Cada eucaristía es memorial de la pasión, muerte y resurrección del Señor. Estos tres elementos son como la Santísima Trinidad: no se pueden separar, tampoco dividir, ni confundir, ni intercambiar. Y, lo más importante, no se puede omitir ninguno. A misa vienes a participar de esas tres cosas, que son el culmen, el sentido, la originalidad y la síntesis de la vida de Cristo, y Él es la síntesis de la historia de la salvación y de la historia de la humanidad. Una auténtica pasada, vaya.
Ver la misa como una fiesta muy alegre, o una reunión de vecinos, o un acto de agradecimiento a Dios todomisericordioso, no ha hecho más que vaciar iglesias. Todo eso lo encontramos fuera de la Iglesia. ¿Es posible hablar de la misericordia divina, se su dulzura y de su amor incondicional quitando su pasión y muerte? Quizá muchos se empeñan en ello, pero entonces te has cargado a Cristo, cuya pasión y muerte queda más que profetizada, como en la primera lectura de hoy.

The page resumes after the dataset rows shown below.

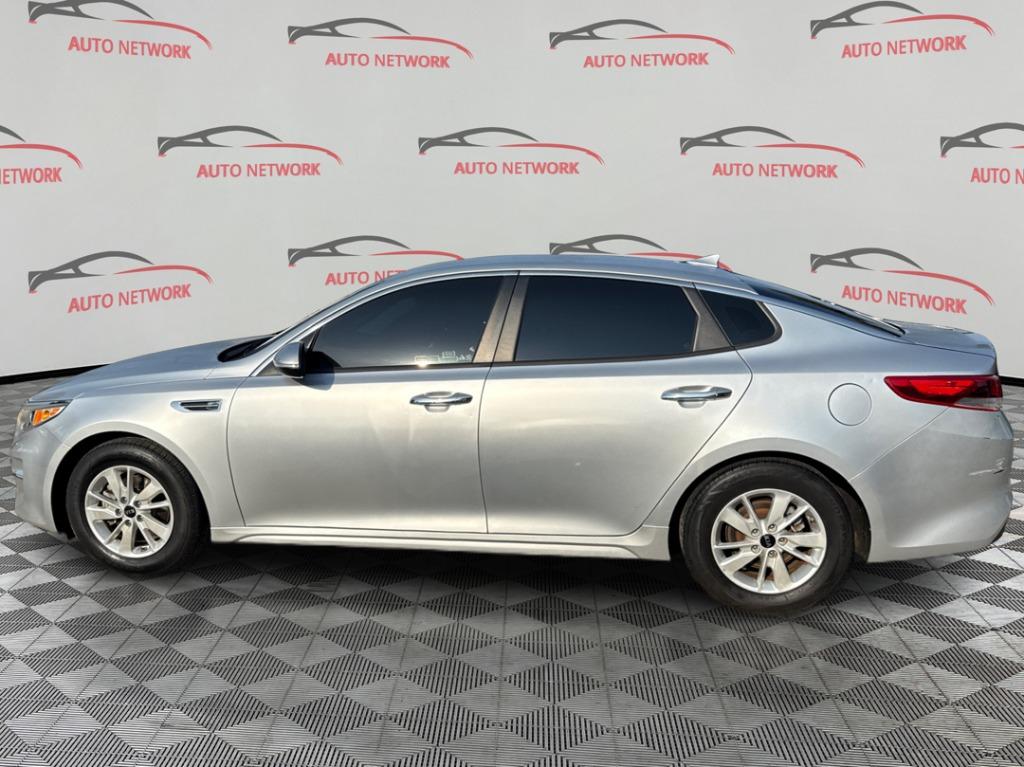 2018 Kia Optima - $8,900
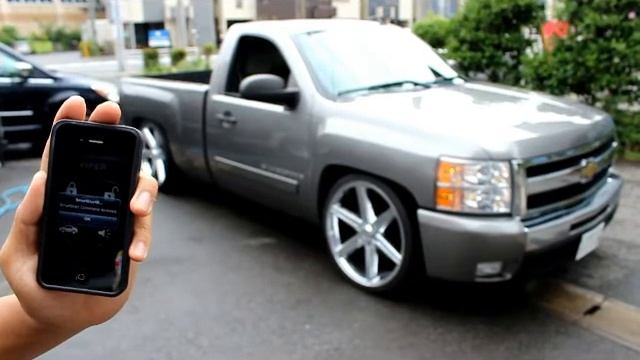 smartstart silverado.mpg смотреть онлайн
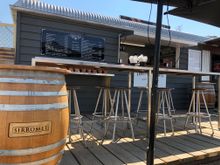St Judes Cafe and Bistro and Sirromet Satellite Cellar Door 1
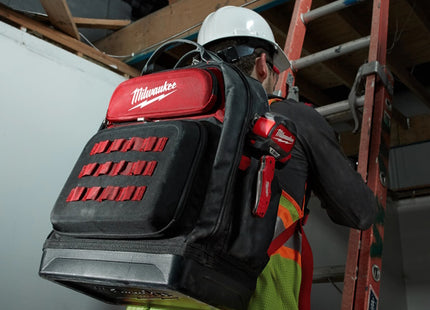 MILWAUKEE ZAINO PORTAUTENSILI VERSIONE HPP DA 48 TASCHE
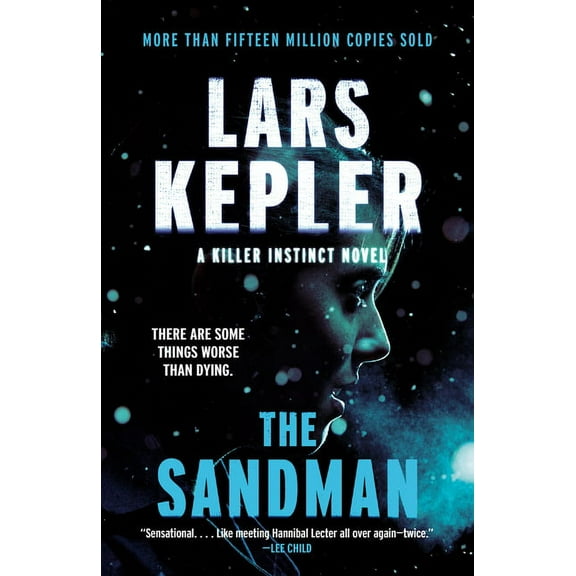 Killer Instinct The Sandman, (Paperback)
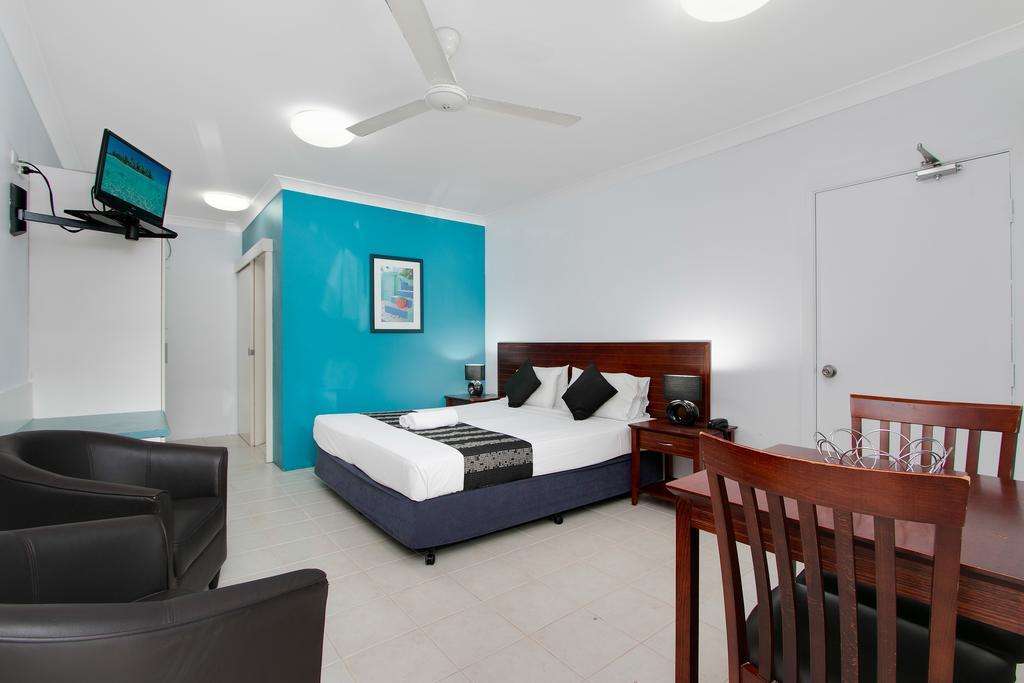 Cairns City Palms Экстерьер фото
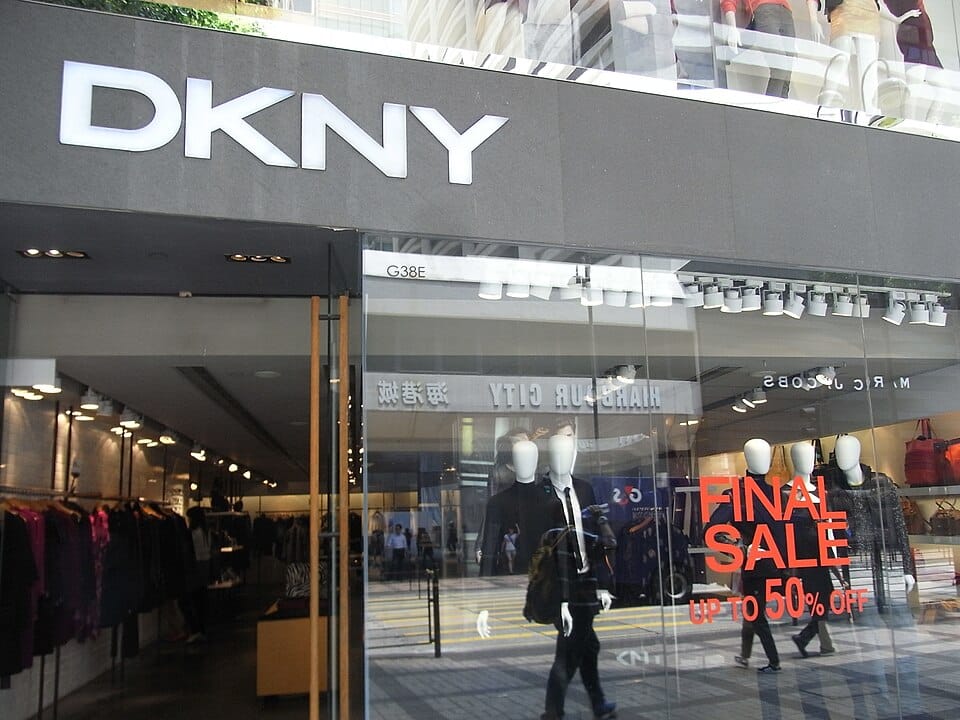 DKNY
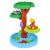 Beach Toys Duży Stolik Wodny z Drzewem, zabawa wodna na świeżym powietrzu dla dzieci, od 3 lat, z systemem wlewania i nawadniania wody, w zestawie wiaderko, konewka, foremki, łopatka, grabie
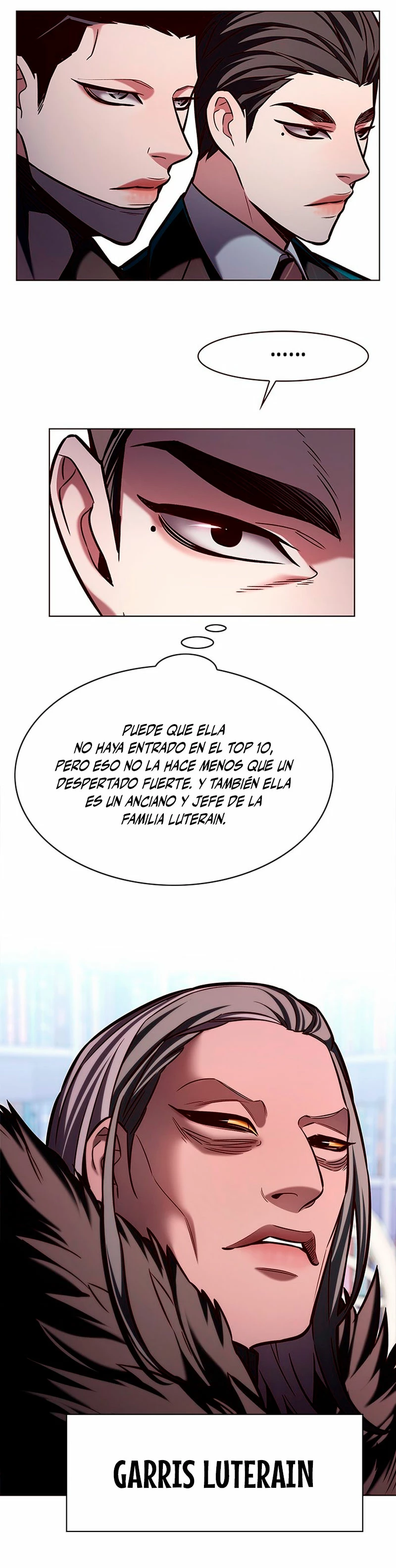 Eleceed Capitulo 191 página 3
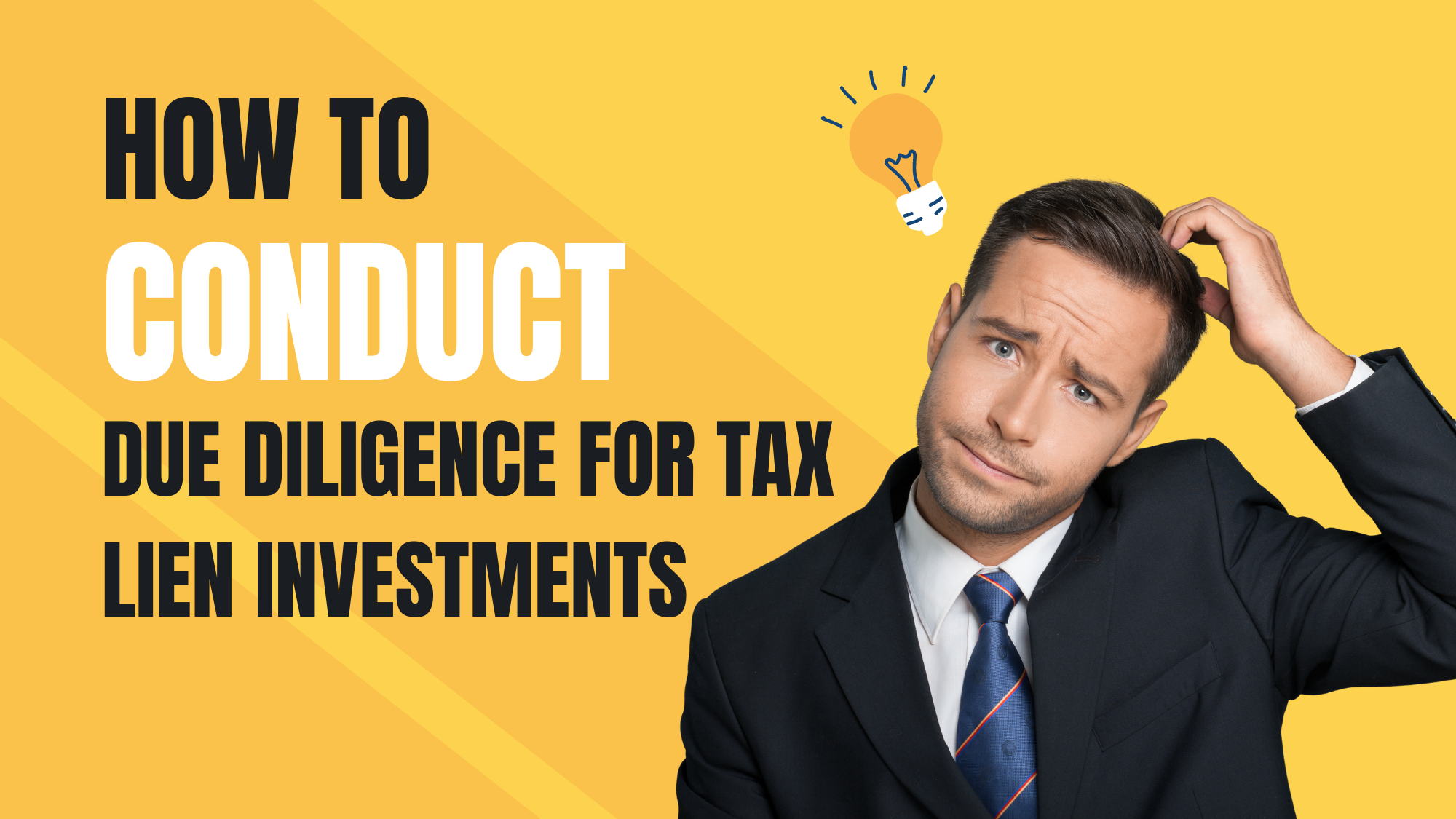 How to Conduct Due Diligence for Tax Lien Investments — Digonzini Group ...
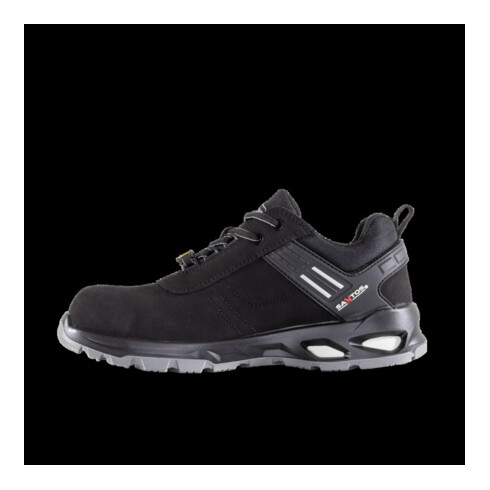 SANTOS Chaussure basse S41 ERGO PLUS Lacets S3S ESD Taille 39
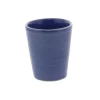 Oldenhof koffiemok ø 6 cm aardewerk zeeblauw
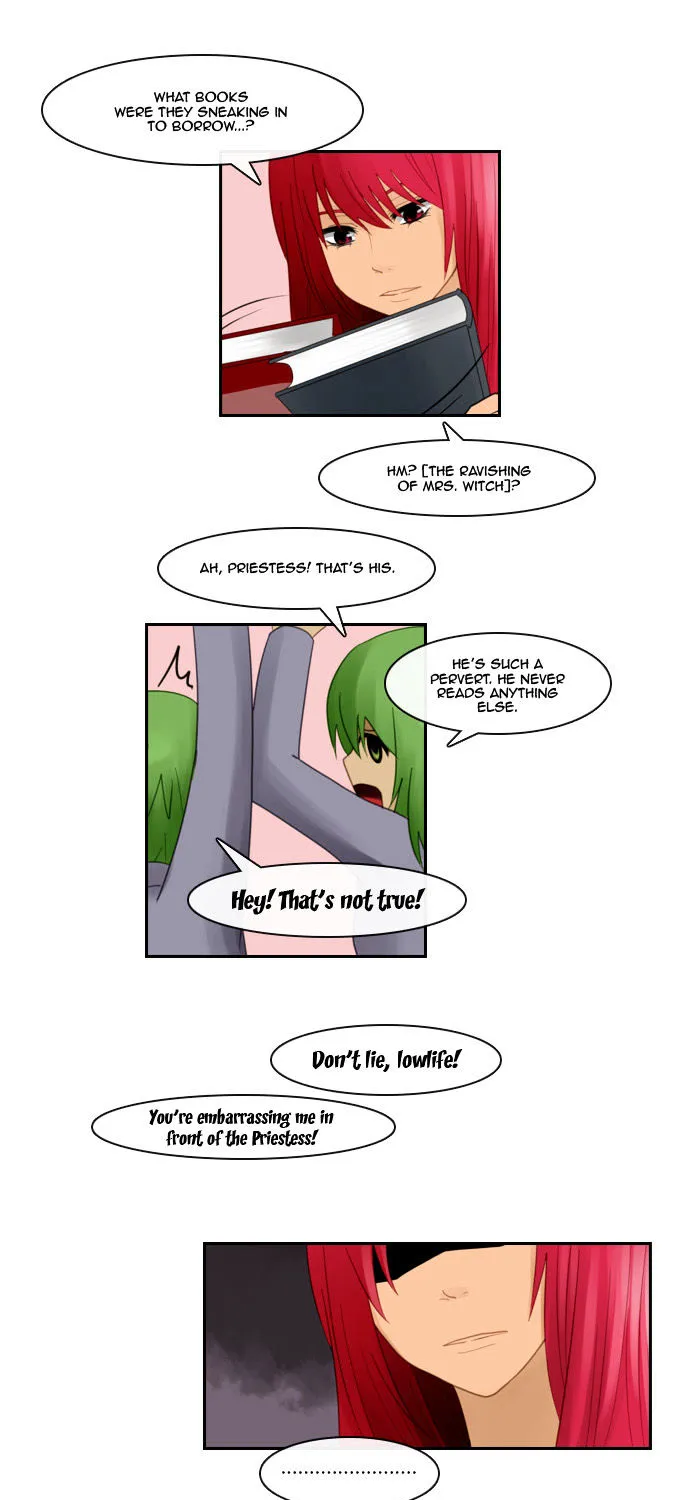 Kubera Zinmanga X Chapter 65 Page 14
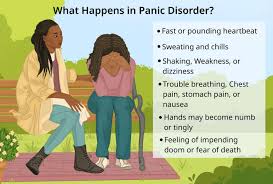 panic disorder dealing with panic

—Porque Él padeció muchísimo para darnos ejemplo e iluminar nuestros padecimientos para llenarlos de sentido, uniéndolos a su sacrificio de amor.
—Él murió en la cruz para asumir la muerte de nuestras vidas: la muerte física (la tumba), pero sobre todo la muerte moral del pecado, causa de la primera.
—Por último, Cristo resucitó lleno de gloria, otorgando a la pasión y muerte —atención: no sólo la suya, sino también la nuestra, la de cada uno— la condición de puerta para la vida perfecta y gloriosa. La gloria es morir a uno mismo para ser resucitado por Cristo. ¡Maravilloso intercambio!
La fe que profesamos en la gloria de Cristo no omite ni el sacrificio ni la cruz, que son claves para entender al Señor y también nuestra propia vida, que ha de identificarse con Él. Uno de los dramas actuales que afecta desgraciadamente a millones de cristianos es la separación entre la fe y la vida. Siempre me ha parecido que la cave de esa catástrofe tiene su raíz en la venta adulterada de la vida cristiana, recortada y edulcorada con un amor y una paz y una fraternidad y unos valores —quizá todo ello lleno de muchas razones buenas— pero que no hunden sus raíces en el amor de Cristo en la cruz. Y precisamente por eso quedan estériles: no vienen de Dios y, por lo tanto, no pueden dar los frutos que Él espera.
Que sea el primer papa en meter la pata de huir del dolor creo que es toda una síntesis de cómo nos incomoda la pasión y muerte…
Por último, esta separación entre fe y vida se manifiesta en la separación entre la fe y las obras. Se ha roto la unidad de vida propia de la vida cristiana, donde lo que creo, lo que conozco, lo que hago, lo que siento, están todos integrados en el sentido último de mi existencia: vivir por Cristo, con Él y en Él, ofreciendo en el memorial de su pasión, muerte y resurrección nuestra vida junto a Él, a Dios Padre todopoderoso, en la unidad del Espíritu Santo. ¡Qué maravilla!